Arizona residents could be at greater risk of blackouts amid summer demand spikes, under a proposal by California’s main grid operator to limit power exports to other states.
The California Independent System Operator (CAISO) recently filed a plan to give interstate power exports through its systems a lower priority when demand for power is high and supplies are tight.
But Tucson Electric Power, Arizona Public Service and other Southwest utilities say the plan could make it harder for them to get extra power to cope with extreme summer demand peaks, threatening service reliability.
“Limiting power flows this summer would be disruptive to energy markets during critical peak demand periods and would place electric service reliability at risk,” TEP spokesman Joe Barrios said.
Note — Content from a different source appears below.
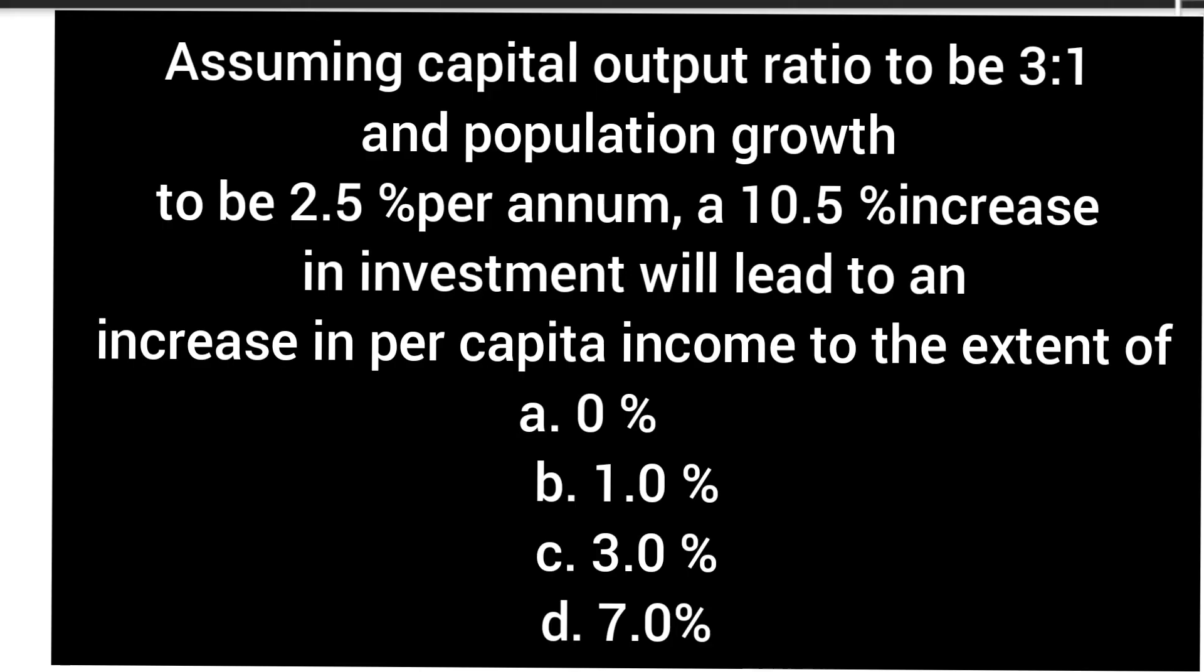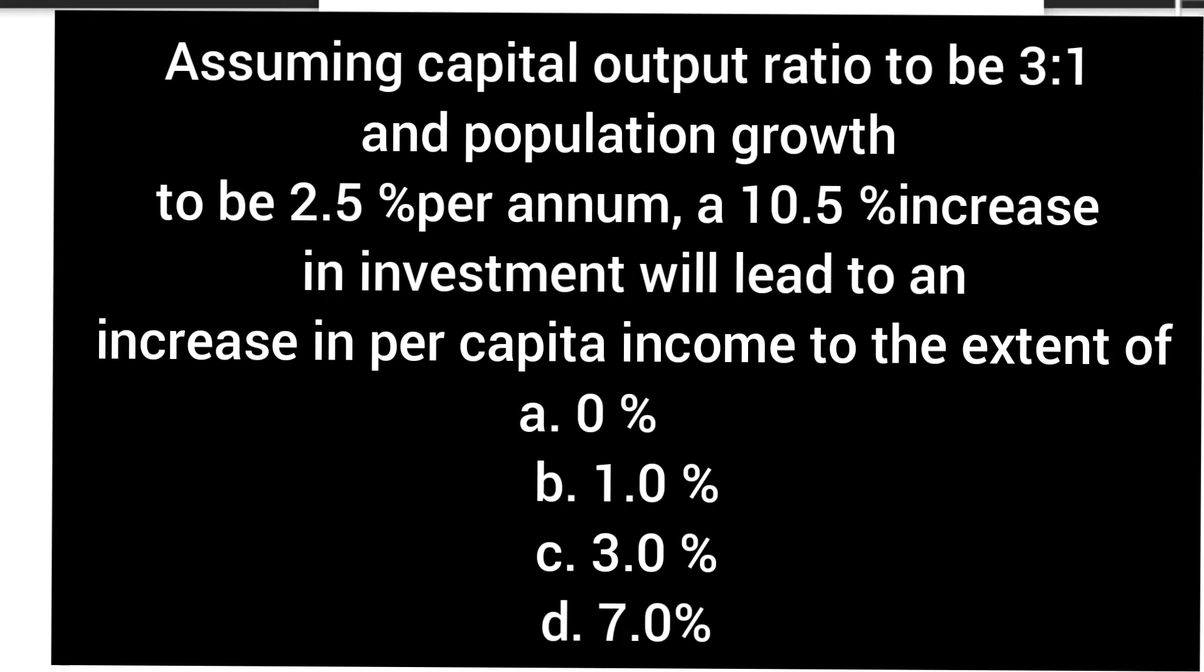Hello everyone. So the question is: assuming capital output ratio to be 3:1 and population growth to be 2.5% per annum, a 10.5% increase in investment will lead to an increase in per capita income to the extent of what? The options are 0%, 1%, 3%, and 7%. So we will calculate it like this.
CAISO says its proposed changes are temporary and reasonable, but the utilities and the Arizona Corporation Commission are protesting CAISO’s proposal, which is part of a tariff filed with the Federal Energy Regulatory Commission in late April.
In its filing, CAISO proposes prioritizing energy transfers within its systems above “wheel-through” transfers — interstate transfers that simply pass through CAISO’s system — to help avoid power shortages that led the California power agency to impose rolling blackouts during a historic heat wave that smothered much of the West last August.
TEP and other Arizona utilities asked customers to conserve energy during the same period because they had difficulty getting supplemental power to maintain reserves, but they avoided any outages.
The CAISO board adopted the proposal as part of its summer readiness plan in March. TEP, APS, Salt River Project, the Arizona Electric Power Cooperative and Nevada-based NV Energy filed comments as a group with CAISO as part of a stakeholder process.
TEP and APS also sounded the alarm at the Corporation Commission, which at its open meeting last week voted unanimously to protest CAISO’s proposal before the federal commission, which still must approve CAISO’s tariff.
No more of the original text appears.